Giuliani: fare chiarezza su derattizzazioni, disinfestazioni e disinfezioni

I cittadini esigono che si faccia chiarezza sulle questioni sollevate dall'interrogazione del consigliere d'opposizione
di Alessandro Moriconi - 14 Novembre 2015

Gli ingredienti perché dall’interrogazione presentata dal capogruppo nel consiglio municipale di Roma V Claudio Giuliani scaturiscano responsabilità anche penali circa un cattivo utilizzo delle risorse pubbliche, ci sono tutti.

Claudio Giuliani

Claudio Giuliani

A finire sotto la lente d’ingrandimento del consigliere Giuliani è il non utilizzo dei fondi messi a disposizione di tutti i Municipi Romani da parte del X Dipartimento, fondi di rientro da Ama Spa denominati AmaCard e utilizzabili dagli stessi municipi per interventi specifici in fatto di derattizzazioni, disinfestazioni e disinfezioni quantificati in diverse centinaia di migliaia di euro e di questi ben 60.000 euro al Municipio Roma V che, nel corso del 2015 – afferma Giuliani nella sua interrogazione – ne avrebbe utilizzati circa 15.000 mentre i rimanenti 45.000, se non ci saranno richieste di interventi ad Ama, alla data del 31 dicembre 2015 rientreranno nelle disponibilità del dipartimento per un utilizzo “centralizzato”.

Ma nell’interrogazione il consigliere Giuliani ha sollevato un problema ben più grave di una semplice disorganizzazione degli uffici, arrivando in pratica ad ipotizzare un ingiustificato coinvolgimento di imprese private con affidi di servizi di derattizzazione e disinfestazione nelle scuole pubbliche e negli immobili di proprietà comunale.

“Non accuso nessuno e e di nulla” ci ha detto il consigliere Giuliani “e proprio per questo ho presentato una interrogazione urgentissima con cui chiedo se sono vere le cifre di cui parlo e soprattutto dove e quando sono stati fatti gli interventi da parte di Ama Spa e se sono stati affidati ad imprese private servizi di derattizzazione, disinfestazione e disinfezione e se si a quanto è ammontata la spesa sostenuta.
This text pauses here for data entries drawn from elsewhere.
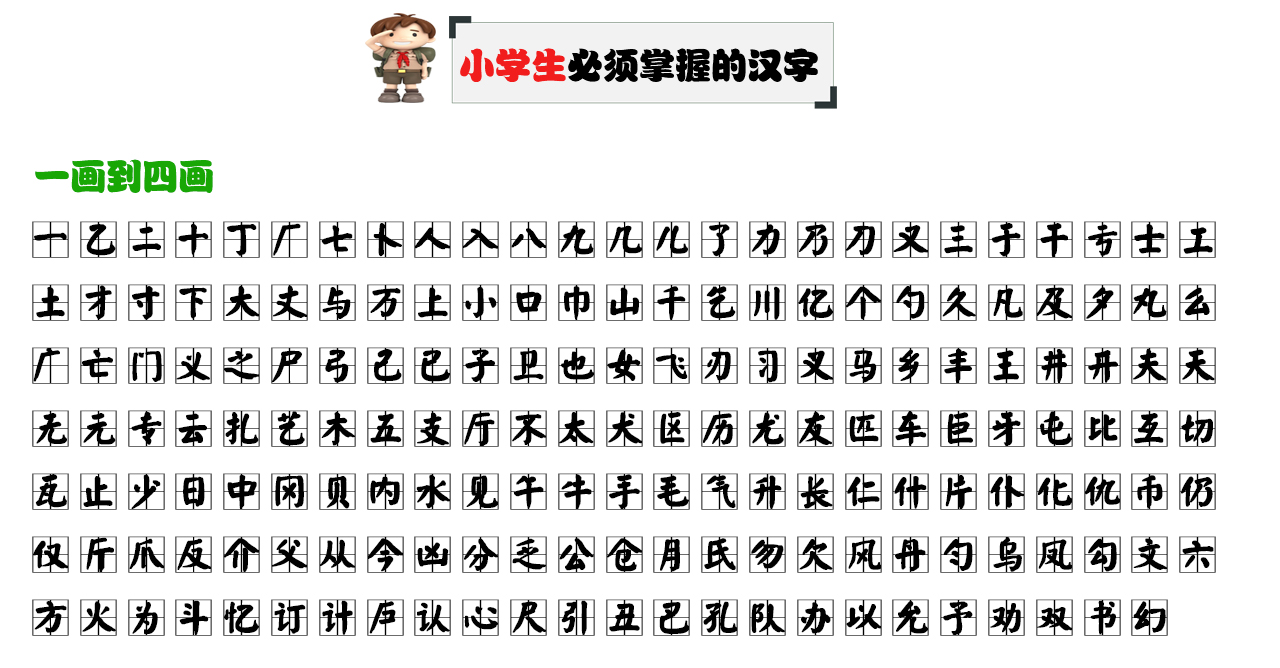 四年级就掌握了小学语文2000多个常用汉字,请妈妈收藏这些秘诀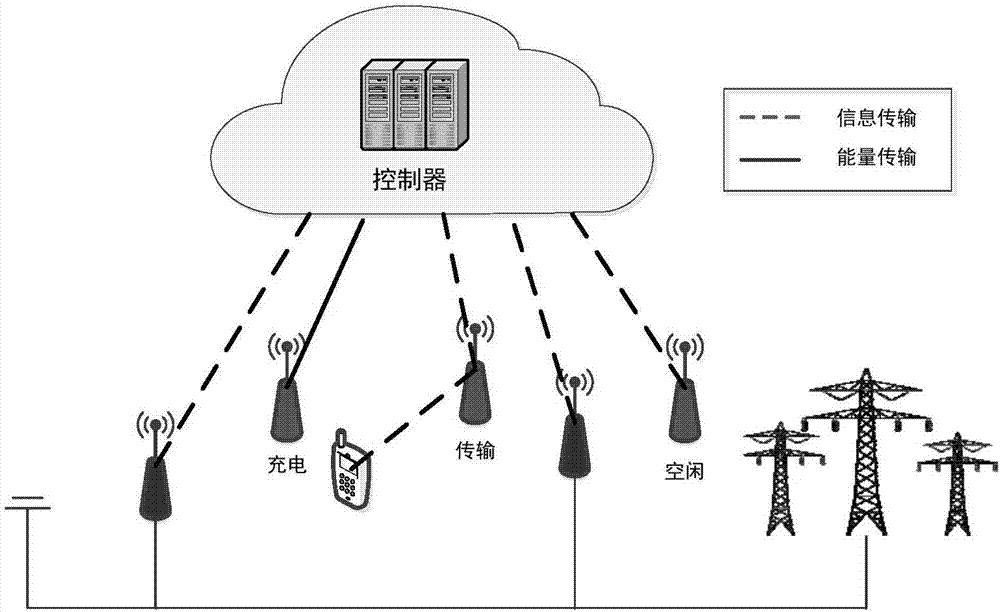 基于云无线接入网络的调度方法及系统与流程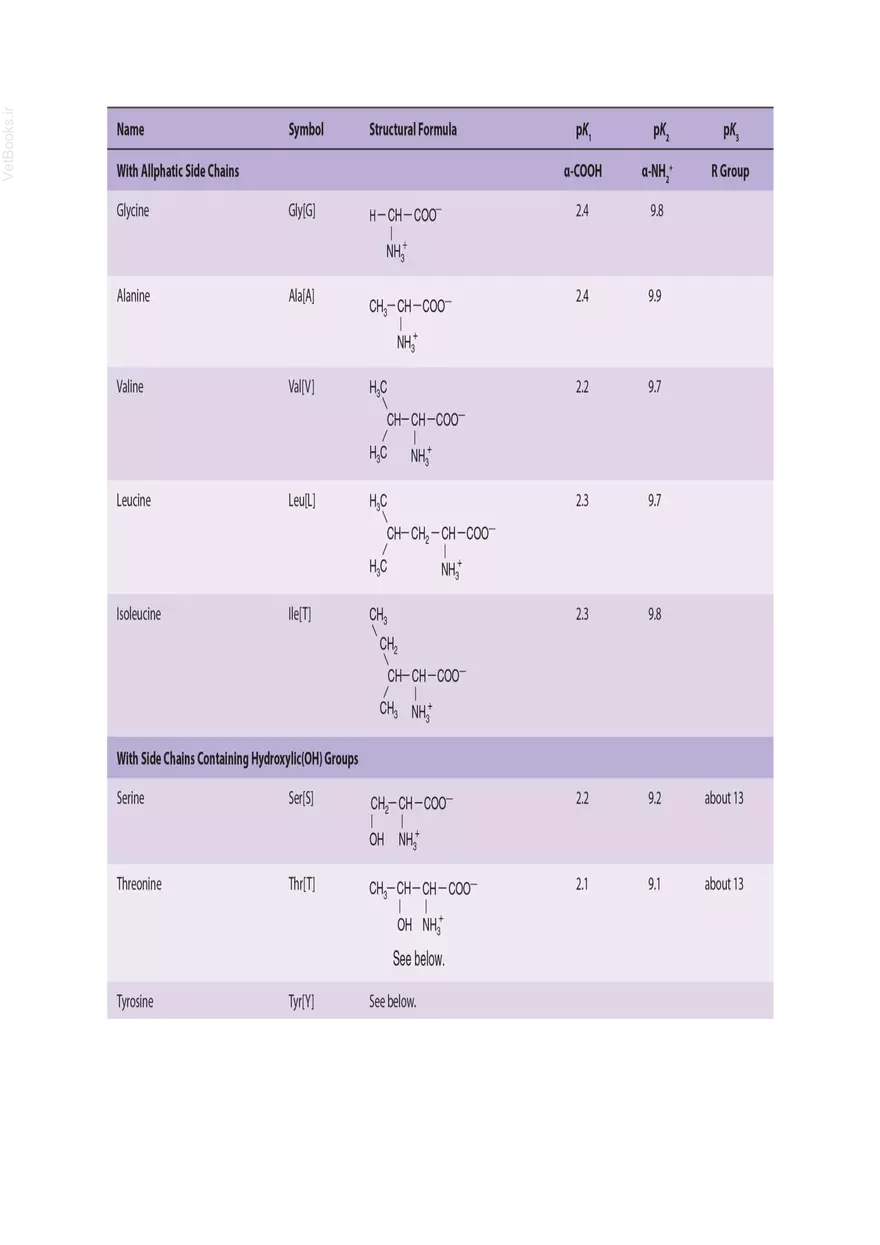 Biomedical Importance - Page 3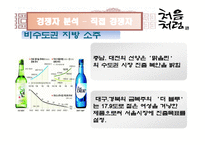 [마케팅] 저도수 소주 시장에서의 처음처럼 마케팅 전략-5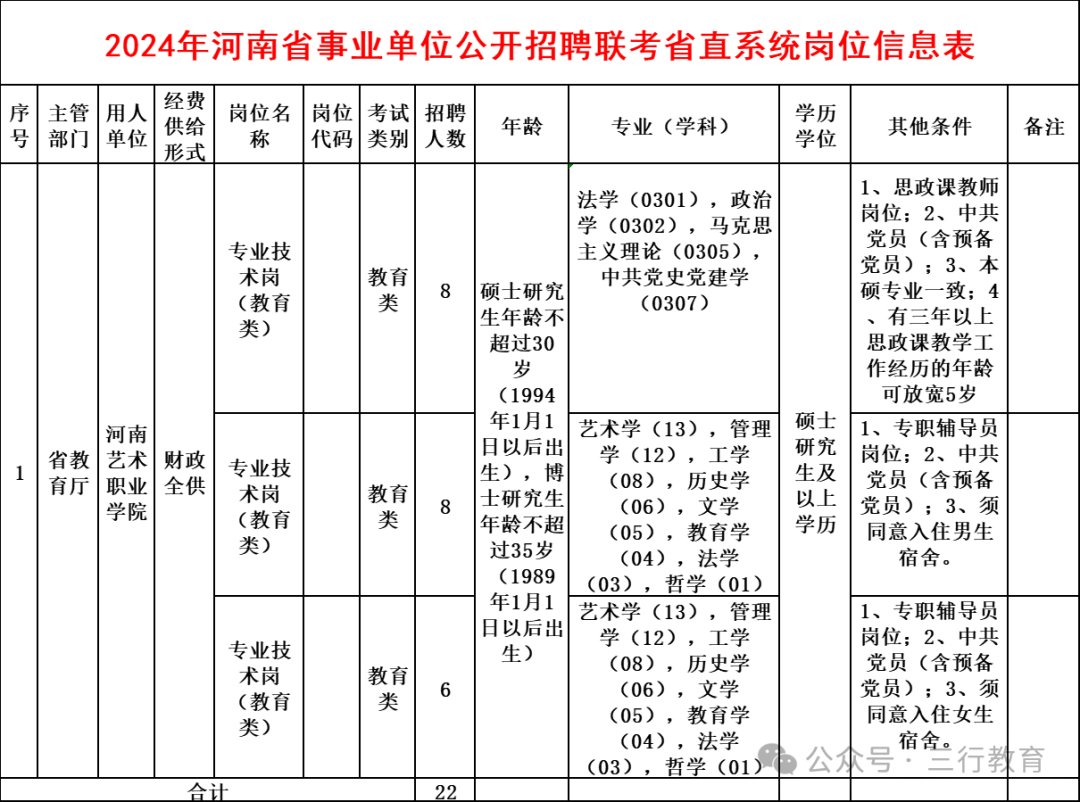 【高校招聘】河南艺术职业学院2024年招聘工作人员公告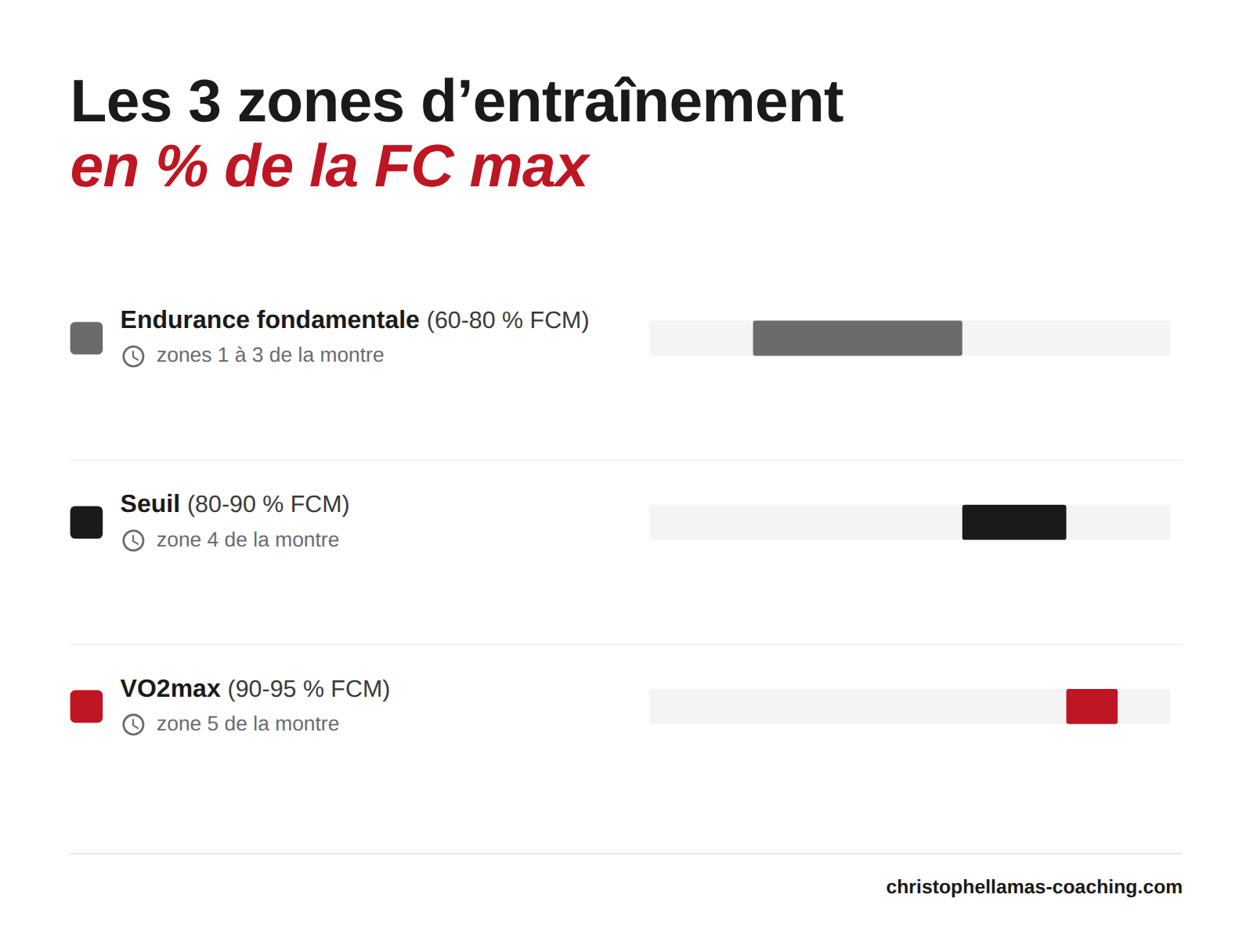 Infographie des 3 zones d'entraînement en pourcentage de la fréquence cardiaque maximale : endurance fondamentale de 60 à 80 % de la FC max (zones 1 à 3 de la montre), seuil de 80 à 90 % (zone 4 de la montre) et VO2max de 90 à 95 % (zone 5 de la montre)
Del resto – dice Giuliani – mentre la mia città è governata da un Commissario Straordinario a causa di scontrini di spesa è inaccettabile fare finta di nulla se si viene a sapere che il mio municipio è il primo in quanto a possibilità di spesa per interventi di pertinenza di Ama Spa e che insieme ad altri municipi questi fondi rientreranno alla base mentre si affidano, se ciò risponde al vero, questi servizi ad imprese private”.

Al momento non possiamo che dare la notizia di questa interrogazione presentata dal vulcanico consigliere di opposizione alla Giunta Palmieri e lo facciamo avendo ancora in mente le denunce da parte dei cittadini del quartiere di Tor Tre Teste che per settimane avevano segnalato invano la presenza di colonie di enormi ratti presso il laghetto Palatucci in via F. Tovaglieri (infine bonificato).

I cittadini esigono che si faccia chiarezza su questa delicata questione.